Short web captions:
#####
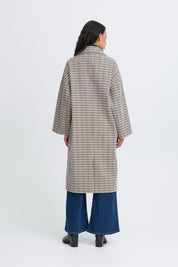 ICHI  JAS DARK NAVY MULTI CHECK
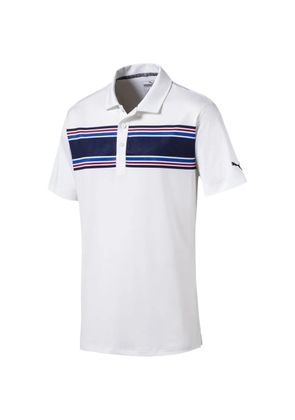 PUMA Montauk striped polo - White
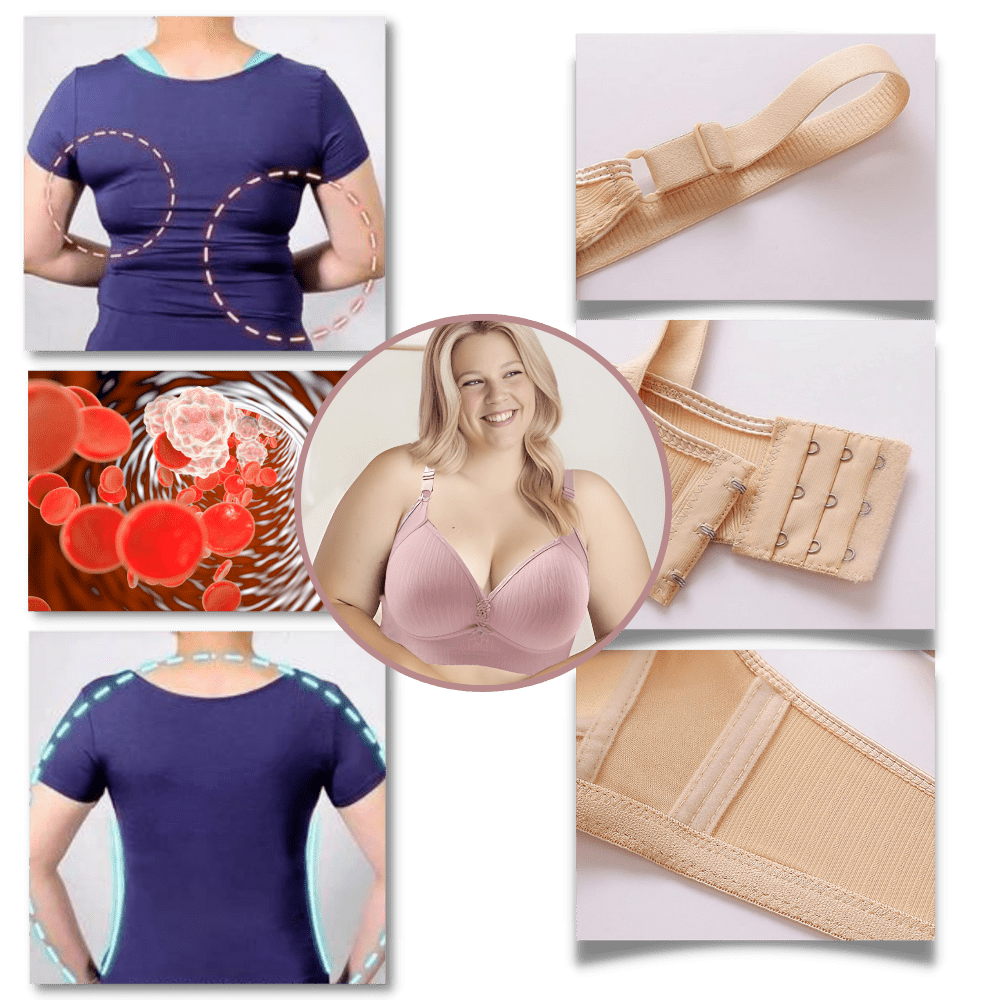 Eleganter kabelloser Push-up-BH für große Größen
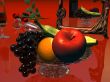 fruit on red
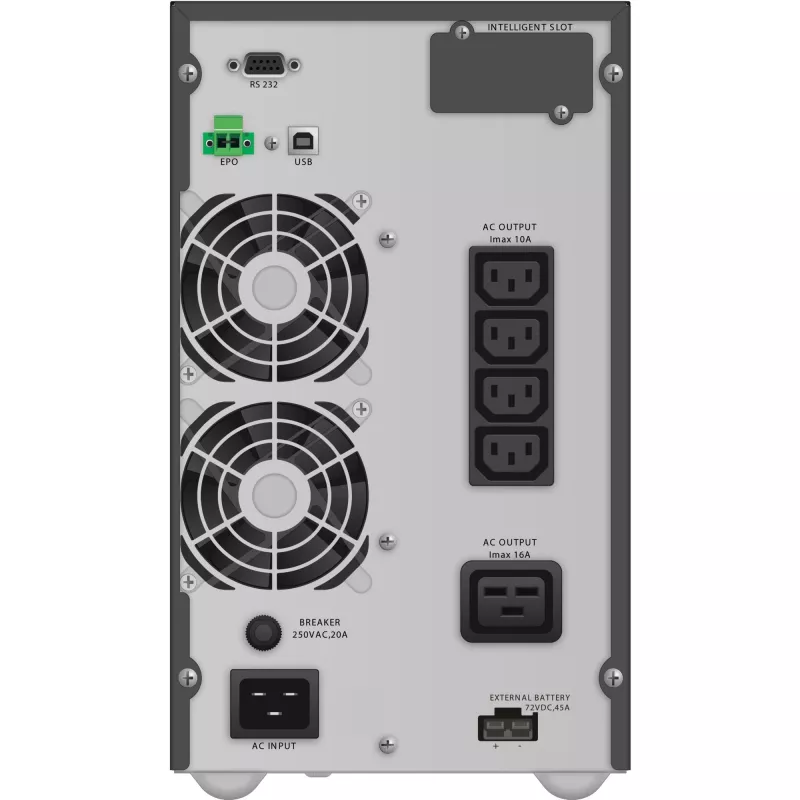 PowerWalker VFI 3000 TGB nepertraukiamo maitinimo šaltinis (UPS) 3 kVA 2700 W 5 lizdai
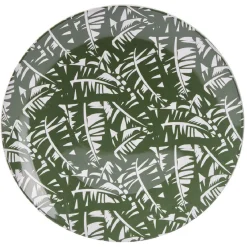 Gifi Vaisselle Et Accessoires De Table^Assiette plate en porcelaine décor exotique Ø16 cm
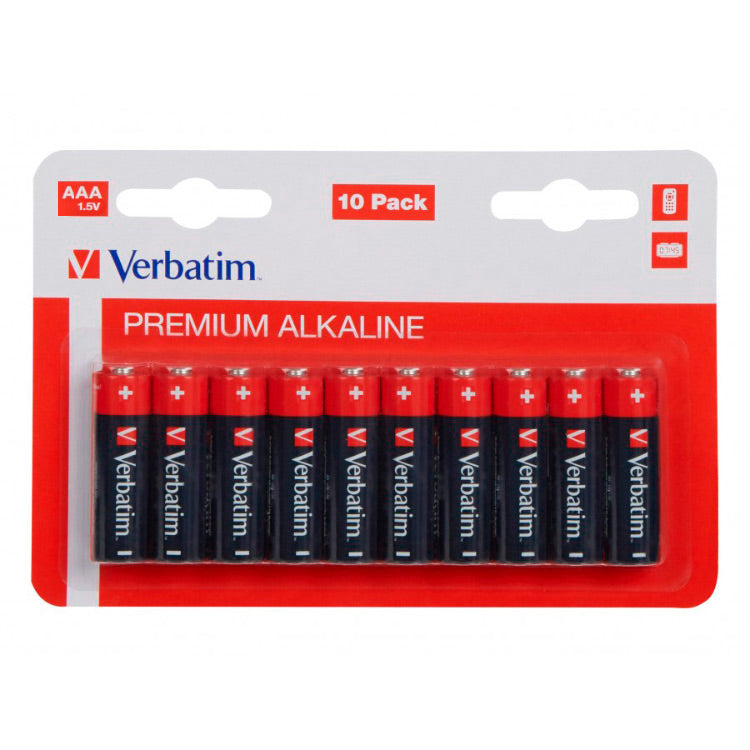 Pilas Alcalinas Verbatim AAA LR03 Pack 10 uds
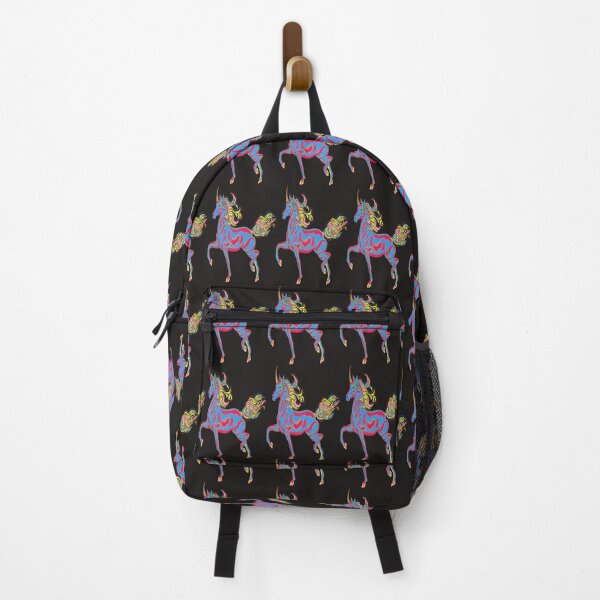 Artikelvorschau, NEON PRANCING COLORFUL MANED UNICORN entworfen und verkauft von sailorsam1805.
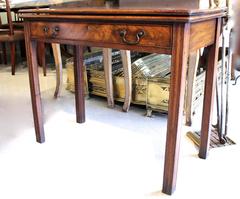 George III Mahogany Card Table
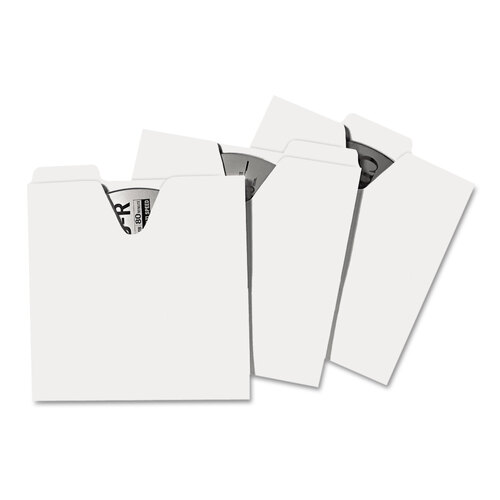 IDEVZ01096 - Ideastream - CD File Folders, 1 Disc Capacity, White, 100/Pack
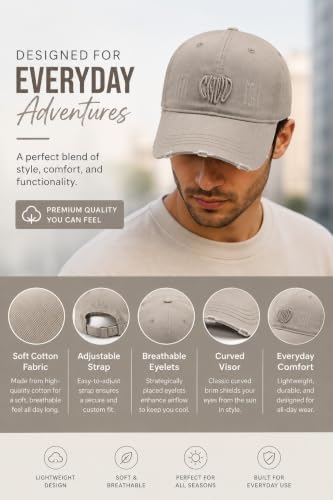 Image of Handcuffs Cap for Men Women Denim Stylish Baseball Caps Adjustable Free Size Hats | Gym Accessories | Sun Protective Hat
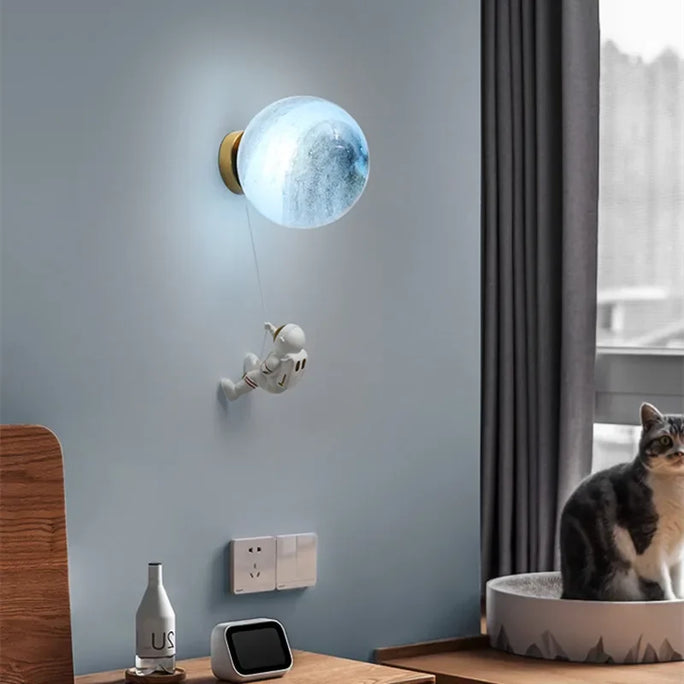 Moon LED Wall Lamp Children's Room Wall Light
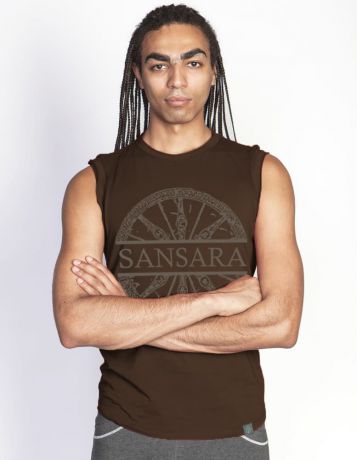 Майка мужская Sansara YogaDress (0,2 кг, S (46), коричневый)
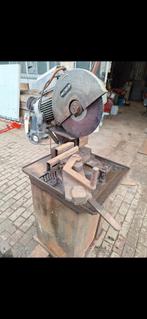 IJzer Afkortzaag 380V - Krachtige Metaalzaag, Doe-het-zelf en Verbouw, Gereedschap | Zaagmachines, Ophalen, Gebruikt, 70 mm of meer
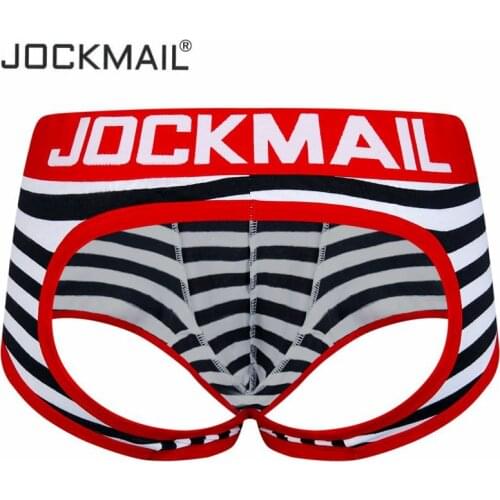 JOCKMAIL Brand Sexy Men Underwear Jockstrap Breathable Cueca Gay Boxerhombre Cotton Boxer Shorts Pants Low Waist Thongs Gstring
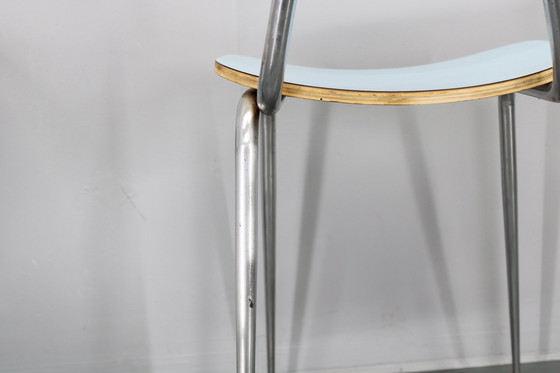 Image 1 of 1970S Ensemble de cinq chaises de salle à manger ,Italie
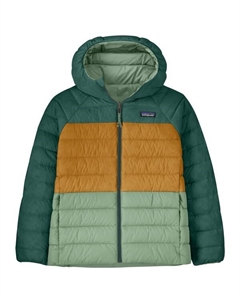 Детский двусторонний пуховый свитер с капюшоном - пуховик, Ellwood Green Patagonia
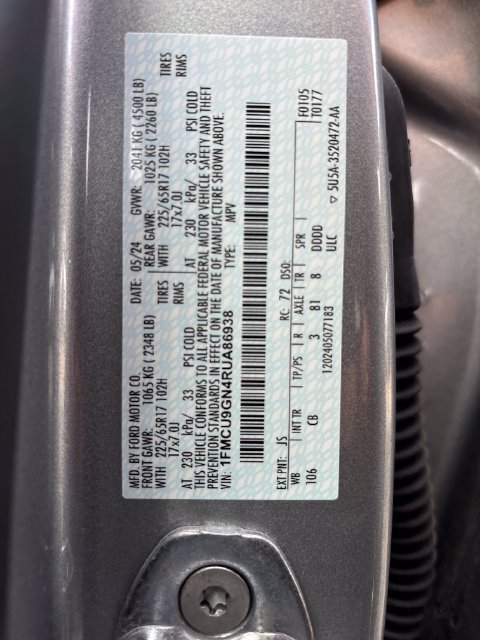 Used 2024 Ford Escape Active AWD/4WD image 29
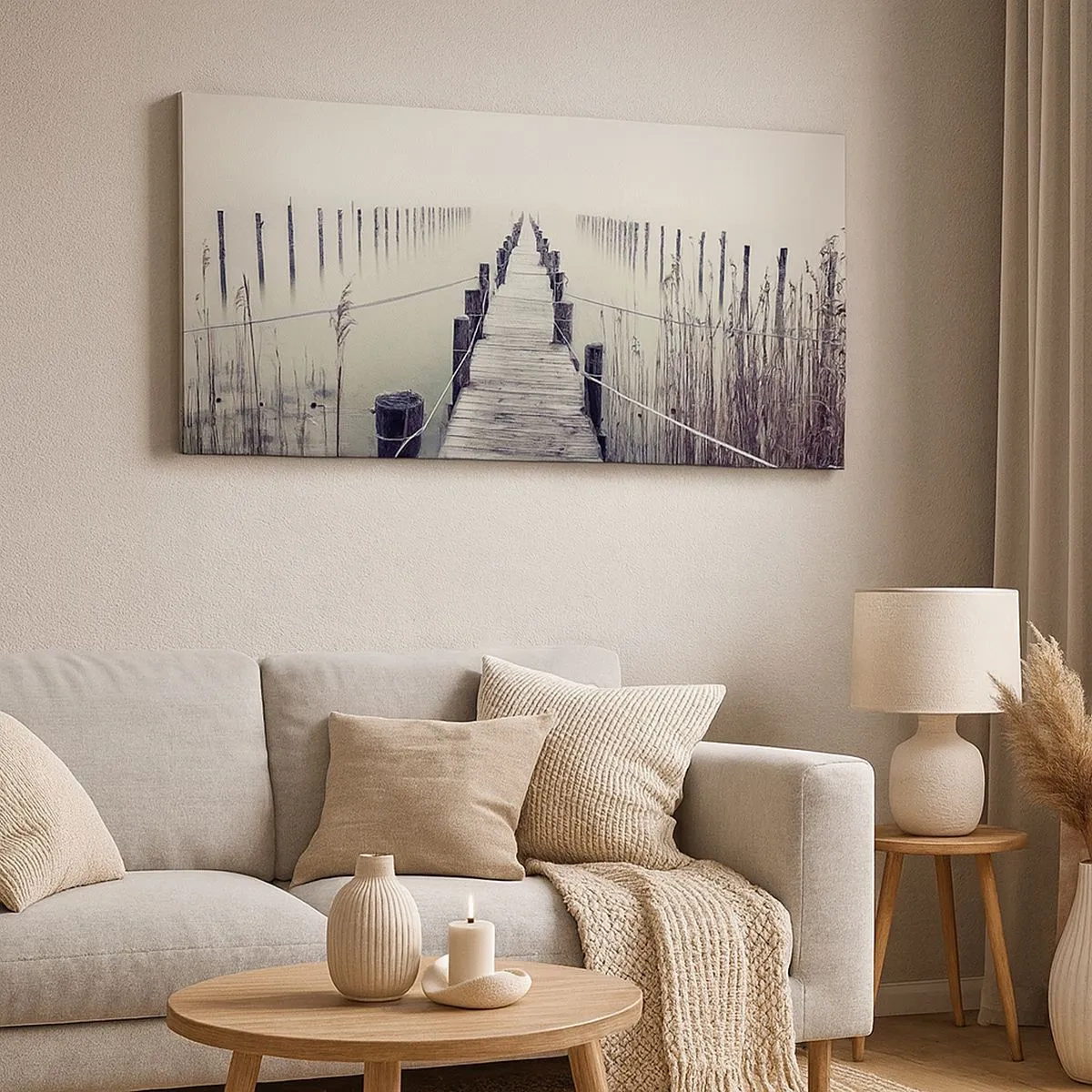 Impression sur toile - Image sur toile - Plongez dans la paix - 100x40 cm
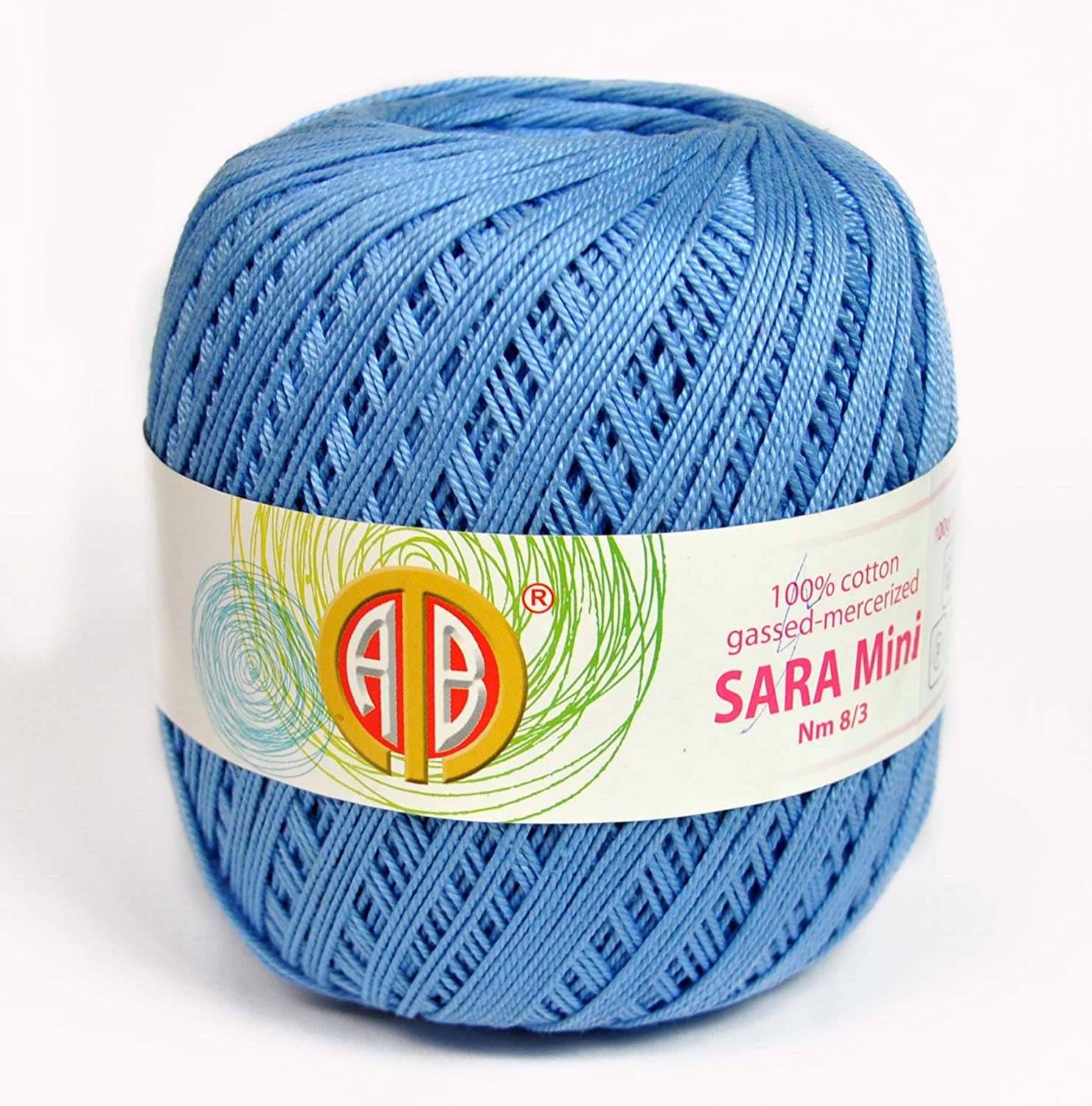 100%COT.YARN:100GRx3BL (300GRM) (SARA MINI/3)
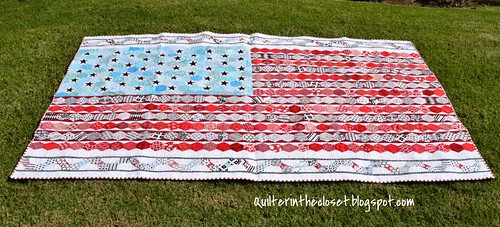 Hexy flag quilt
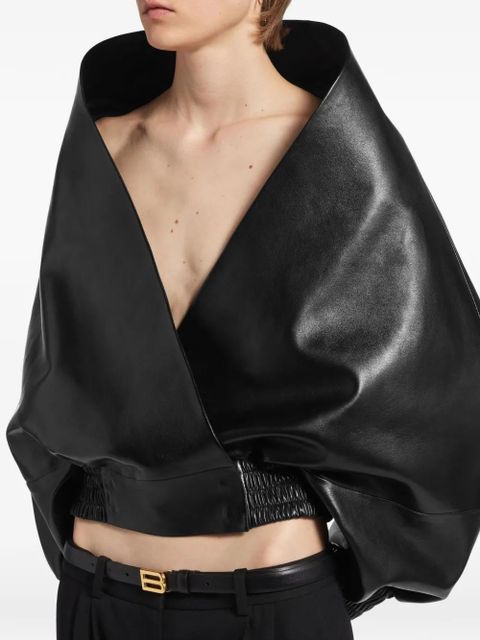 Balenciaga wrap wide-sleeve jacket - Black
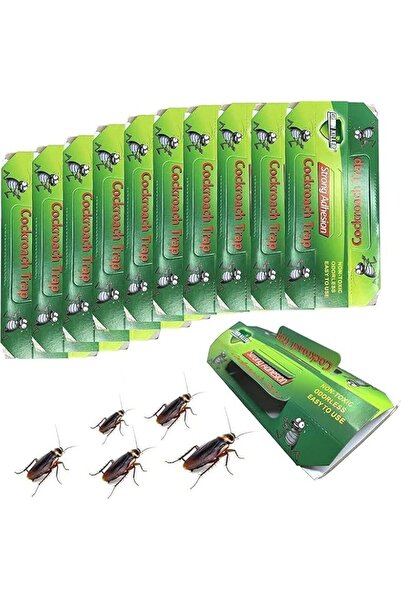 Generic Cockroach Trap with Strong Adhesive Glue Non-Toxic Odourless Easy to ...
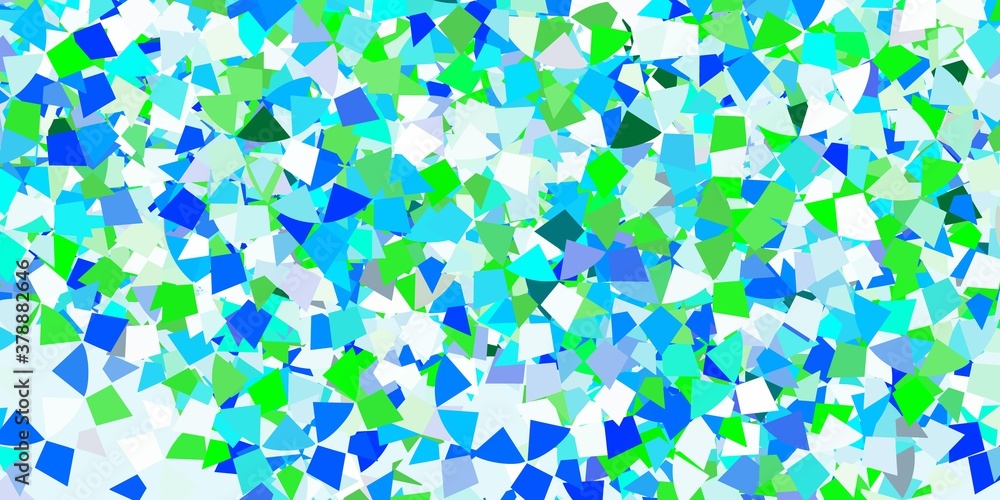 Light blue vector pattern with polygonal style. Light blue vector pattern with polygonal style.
#####
» **Assignment**:
Extract exactly the lines from the one containing "IDEVZ01096 - Ideastream" through the last line of the records above, both included, and leave out the pictures.

» **Solution to this problem**:
 IDEVZ01096 - Ideastream - CD File Folders, 1 Disc Capacity, White, 100/Pack
 Image of Handcuffs Cap for Men Women Denim Stylish Baseball Caps Adjustable Free Size Hats | Gym Accessories | Sun Protective Hat
 Moon LED Wall Lamp Children's Room Wall Light
 Майка мужская Sansara YogaDress (0,2 кг, S (46), коричневый)
 IJzer Afkortzaag 380V - Krachtige Metaalzaag, Doe-het-zelf en Verbouw, Gereedschap | Zaagmachines, Ophalen, Gebruikt, 70 mm of meer
 JOCKMAIL Brand Sexy Men Underwear Jockstrap Breathable Cueca Gay Boxerhombre Cotton Boxer Shorts Pants Low Waist Thongs Gstring
 Image 1 of 1970S Ensemble de cinq chaises de salle à manger ,Italie
 Детский двусторонний пуховый свитер с капюшоном - пуховик, Ellwood Green Patagonia
 Used 2024 Ford Escape Active AWD/4WD image 29
 Impression sur toile - Image sur toile - Plongez dans la paix - 100x40 cm
 100%COT.YARN:100GRx3BL (300GRM) (SARA MINI/3)
 Hexy flag quilt
 Balenciaga wrap wide-sleeve jacket - Black
 Generic Cockroach Trap with Strong Adhesive Glue Non-Toxic Odourless Easy to ...
 Light blue vector pattern with polygonal style. Light blue vector pattern with polygonal style.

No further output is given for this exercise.